Tag: human-robot interaction

  • MIT Develops Long-Term Memory System That Lets Robots Answer Where You Left Your Keys

    MIT Develops Long-Term Memory System That Lets Robots Answer Where You Left Your Keys

    Imagine asking a robot, “Where did I leave my keys?” and getting an accurate, real-time answer. MIT researchers have created a new spatial memory framework called DAAAM (Describe Anything, Anywhere, Anytime, at Any Moment) that gives robots the ability to form and recall detailed mental models of large-scale environments. This breakthrough could transform how robots assist humans in factories, homes, and beyond.

    DAAAM combines advanced map representations with rich, language-based descriptions of objects a robot encounters as it explores. The system runs fast enough for mobile robots to use in real-time, answering complex queries in plain English with 21% to 53% higher accuracy than existing methods.

    “If we want robots to work side-by-side with humans and interact better with humans, they must speak the same language,” says Luca Carlone, associate professor in MIT’s Department of Aeronautics and Astronautics and lead researcher on the project. “The robot must be able to reason about time and space the same way humans do.”

    The framework bridges computer vision and robotic mapping. As a robot moves through an environment, DAAAM attaches detailed descriptions to objects—like noting that a red bicycle with a flat tire is in the bike rack outside the Stata Center. It stores this information in a 3D map-based representation arranged spatially, grouping objects into regions for efficient retrieval.

    To overcome the speed limitations of existing annotation techniques, DAAAM aggregates nearby objects and uses an optimization method to select key frames—images with the clearest view of multiple objects—allowing the system to describe several items in parallel. This speeds up computation tenfold, making real-time performance possible.

    “We annotate every object only once, so our framework can run in very large-scale environments in real time,” explains lead author Nicolas Gorlo, an MIT graduate student. “And by clustering objects into regions, it can answer a wide range of queries about objects and locations.”

    The researchers used a large language model (LLM) that calls on various tools to retrieve specific information quickly, reducing hallucinations. For example, if asked about a sculpture near an MIT campus building, DAAAM can use a semantic search tool to retrieve information based on the word “sculpture” or a location-based tool to find the building.

    Future work aims to expand DAAAM to capture significant events and incorporate confidence levels into responses. “Ultimately, we want to have robots that can help with any sort of tasks,” Gorlo says. “With this framework, we are trying to create the foundations to enable a generalist agent that can do anything you ask.”

    The research was presented at the Conference on Computer Vision and Pattern Recognition (CVPR) and funded by the U.S. Army Research Laboratory and the Office of Naval Research.

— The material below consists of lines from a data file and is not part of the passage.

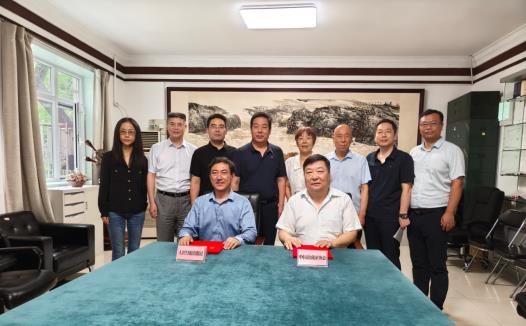 中国收藏家协会与人民日报出版社签署《大国收藏》战略合作协议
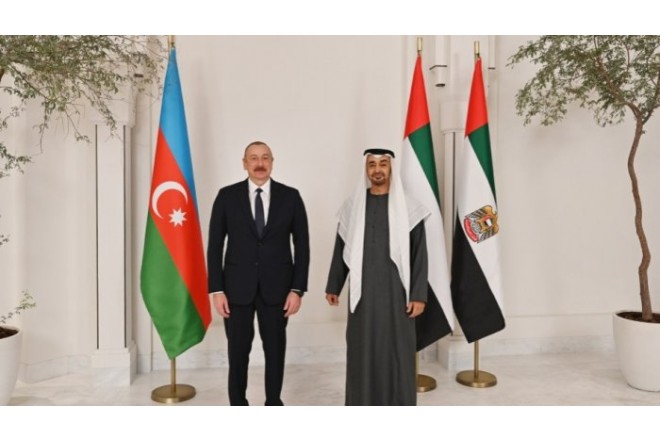 İlham Əliyev ilə BƏƏ Prezidenti arasında telefon danışığı olub 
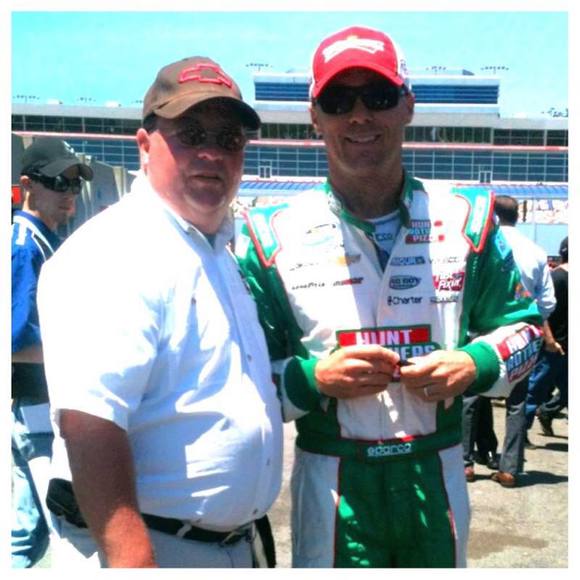 Profile Picture of Jeff Kuhn (@jeffmontec) on Poshmark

  • Two LLMs Team Up to Help Robots Interpret Vague Instructions and Prioritize What Matters

    Two LLMs Team Up to Help Robots Interpret Vague Instructions and Prioritize What Matters

    Researchers at MIT’s Computer Science and Artificial Intelligence Laboratory (CSAIL) have developed a new method that uses two large language models (LLMs) to help robots understand ambiguous instructions and focus on key details. The approach, called Masked Inverse Reinforcement Learning (Masked IRL), reduces the amount of demonstration data needed to teach a robot by nearly five times, while improving the robot’s ability to infer unspoken user preferences.

    Traditional robot training often requires either extensive physical demonstrations or detailed written instructions. Masked IRL automates the process: first, one LLM clarifies ambiguous prompts (e.g., turning “stay close” into “stay close to the surface of the table”) by comparing a user’s demonstration trajectory to the shortest possible path. Then a second LLM evaluates the environment and “masks” irrelevant details – such as a person leaning on a table – while highlighting critical ones like obstacles to avoid. The robot then uses these prioritized details to generate a safe motion plan.

    In experiments, the system correctly identified unstated user preferences up to 15 percent more often than comparable baselines. Real-world tests showed a robotic arm successfully moving a coffee mug around a laptop, wiping a table while “staying close” to it, and handing a user a bag of chips while “staying away” from both the person and the table – all after fewer than 50 kinesthetic demonstrations.

    The team plans to enhance Masked IRL with camera input, allowing robots to visually focus on relevant objects in dynamic environments. The work was supported by the Tata Group via the MIT Generative AI Impact Consortium Award and the Department of Defense, and will be presented at the 2026 IEEE International Conference on Robotics and Automation.